# What is needed:
The expected response is the complete listing below, restated exactly, with its pictures omitted.
━━━━━ Extracted entries ━━━━━
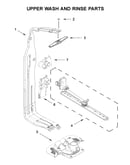 Upper wash and rinse parts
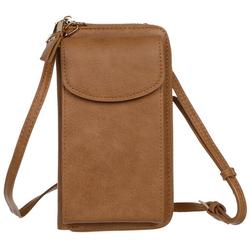 Faux Leather Wallet On A String - Tan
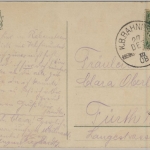 Bayern - Bahnpost Ebermannstadt-III-Forchheim, Karte Neumühle - Fürth 1908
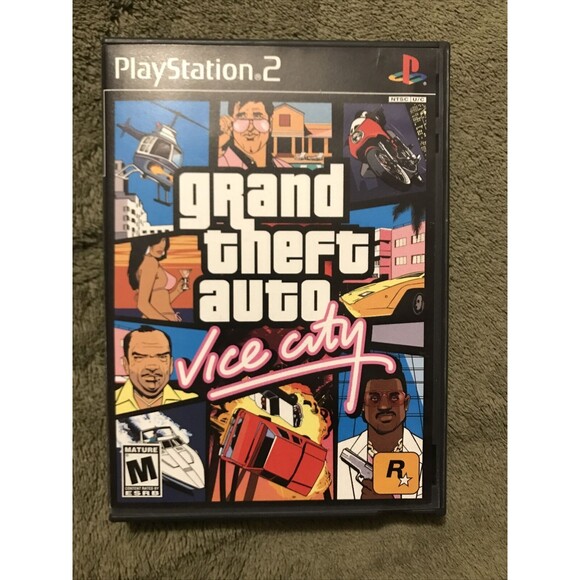 Grand Theft Auto Vice City 2002 & GTA San Andreas 2004 PS2 Playstation 2 TESTED - Picture 2 of 9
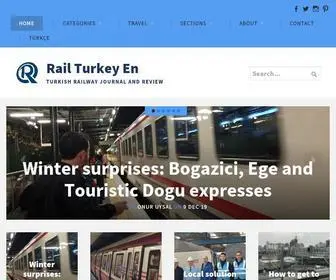 Railturkey.org(Turkish railway journal and review) Screenshot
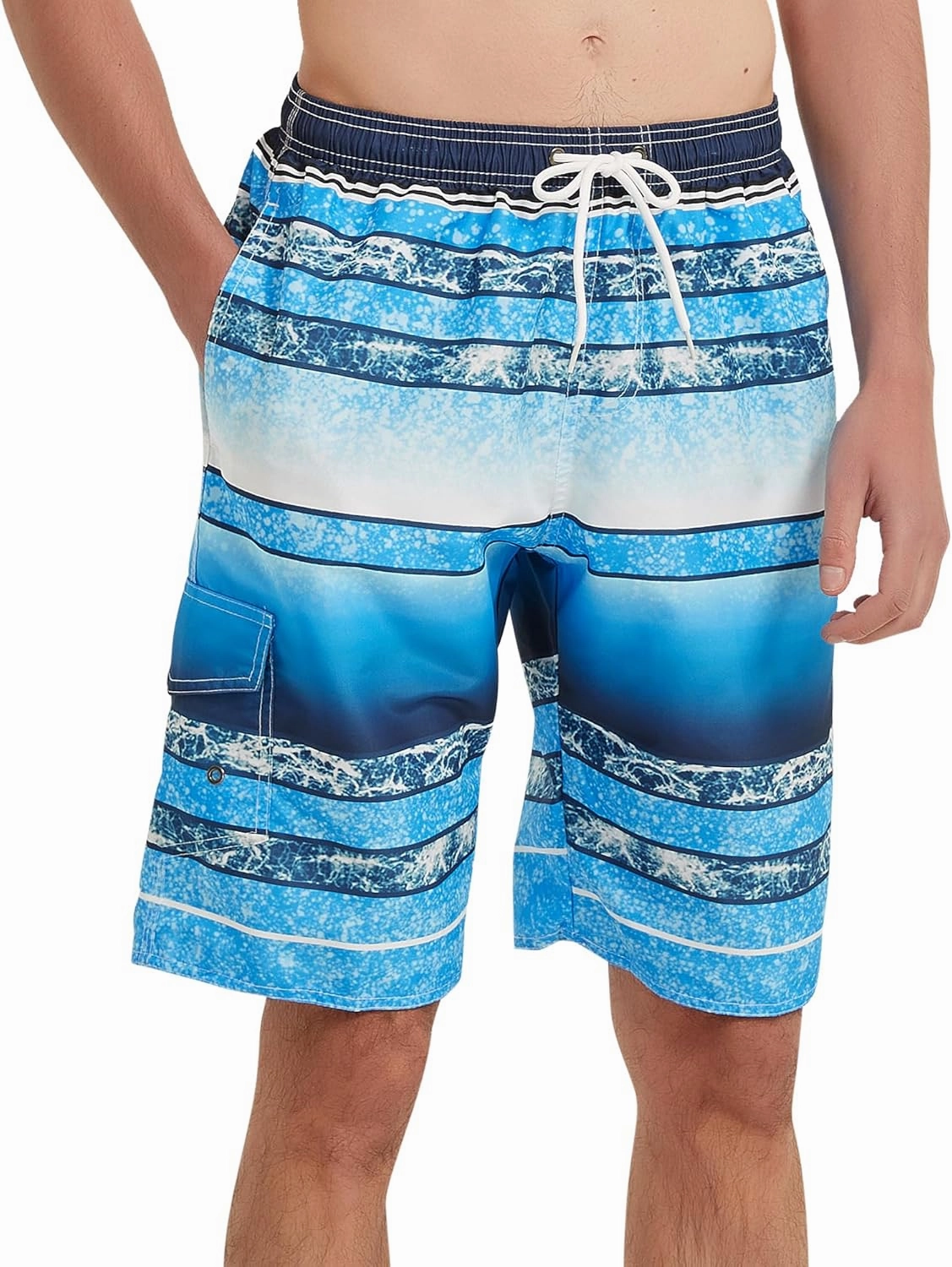 Mens Swim Trunks Swim Shorts Swimwear Swimsuit Beach Shorts Bathing Suits Quick Dry Waterproof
━━━━━
# Expected output:
 Upper wash and rinse parts
 Faux Leather Wallet On A String - Tan
 Bayern - Bahnpost Ebermannstadt-III-Forchheim, Karte Neumühle - Fürth 1908
 Grand Theft Auto Vice City 2002 & GTA San Andreas 2004 PS2 Playstation 2 TESTED - Picture 2 of 9
 Railturkey.org(Turkish railway journal and review) Screenshot
 Mens Swim Trunks Swim Shorts Swimwear Swimsuit Beach Shorts Bathing Suits Quick Dry Waterproof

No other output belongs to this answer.